As always - the context !
Preliminaries
Recently I needed a way to transport data from one environment to another. Though the proper way (probably) to do this would be to use databases (which I don't know how to work with) I chose writing the data to a simple text file which in turn is being read and parsed when needed.

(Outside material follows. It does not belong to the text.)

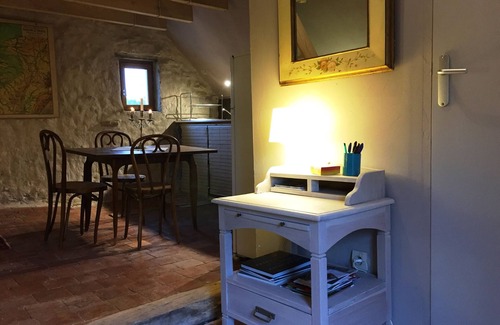 Chambourg-sur-Indre Cottage | La petite maison dans le jardin fleuri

So typical content of such a file (real example so the alignment) :
Ticket: 2 Type: ORDER_TYPE_SELL_STOP State: ORDER_STATE_CANCELED Reason: ORDER_REASON_EXPERT Start: 1507032000000 End: 1507140000000
Ticket: 3 Type: ORDER_TYPE_BUY_STOP State: ORDER_STATE_CANCELED Reason: ORDER_REASON_EXPERT Start: 1507723200000 End: 1507760140000
Ticket: 4 Type: ORDER_TYPE_SELL_STOP State: ORDER_STATE_FILLED Reason: ORDER_REASON_EXPERT Start: 1508375100000 End: 1508389780000
Ticket: 5 Type: ORDER_TYPE_BUY State: ORDER_STATE_FILLED Reason: ORDER_REASON_SL Start: 1508392000000 End: 1508392000000
Ticket: 6 Type: ORDER_TYPE_SELL_STOP State: ORDER_STATE_CANCELED Reason: ORDER_REASON_EXPERT Start: 1508522400000 End: 1508524540000
Ticket: 7 Type: ORDER_TYPE_BUY_STOP State: ORDER_STATE_CANCELED Reason: ORDER_REASON_EXPERT Start: 1509624000000 End: 1509638920000
Ticket: 8 Type: ORDER_TYPE_BUY_STOP State: ORDER_STATE_CANCELED Reason: ORDER_REASON_EXPERT Start: 1509671100000 End: 1509732000000
where each line is (must be) of the form :
Type : ORDER_TYPE_SELL_STOP State : ....
^ ^ ^ ^ ^ ^ ^ ^ ^
WPs KEY WPs D WPs VALUE WPs KEY D
where
WPs - any number of whitespace characters
D - delimiter character, separates KEY and VALUE
KEY, VALUE - WORDs : which contain neither a whitespace character nor the delimiter one
Note that one line may contain several KEY-VALUE pairs.
The Algorithm
Take a string S
Remove first WP characters if any (until the first non-WP is met) from S
if MAX_INIT_WORD of S is NOT EMPTY
KEY := MAX_INIT_WORD
Remove MAX_INIT_WORD from S
else
break
Remove first WP characters if any (until the first non-WP is met) from S
if S starts with D
Remove D from S
else
break
Remove first WP characters if any ( until the first non-WP is met) from S
if MAX_INIT_WORD of S is NOT EMPTY
VALUE := MAX_INIT_WORD
Remove MAX_INIT_WORD from S
where MAX_INIT_WORD is a maximal prefix of S that doesn't contain WP or D.
The C++ code
#include <map>
#include <string>
using dict_t = std::map<std::string, std::string>;
dict_t GetDict( std::string s,
char delim = ':',
const std::string& white = " \n\t\v\r\f" )
{
dict_t m;
if( white.empty() ) return m;
s += white[0];// necessary if s doesn't contain trailing spaces
size_t pos = 0;
auto removeLeading = [&](){ if( (pos = s.find_first_not_of( white )) != std::string::npos) s.erase( 0, pos ); };
auto maxInitWord = [&]() -> std::string { std::string word;
if( (pos = s.find_first_of( white + delim )) != std::string::npos ) {
word = s.substr( 0, pos );
s.erase( 0, pos );
}
return word; };
while( true )
{
std::string key;
removeLeading();
if( (key = maxInitWord()).empty() ) break;
removeLeading();
if( s.empty() or s[0] != delim ) break;
s.erase( 0, 1 );
removeLeading();
if( (m[key] = maxInitWord()).empty() ) break;
}
return m;
}
Example (C++ interpreter used)
root [1] GetDict( "....Am-I...:...Inside...A:...Simulation?", ':', "." )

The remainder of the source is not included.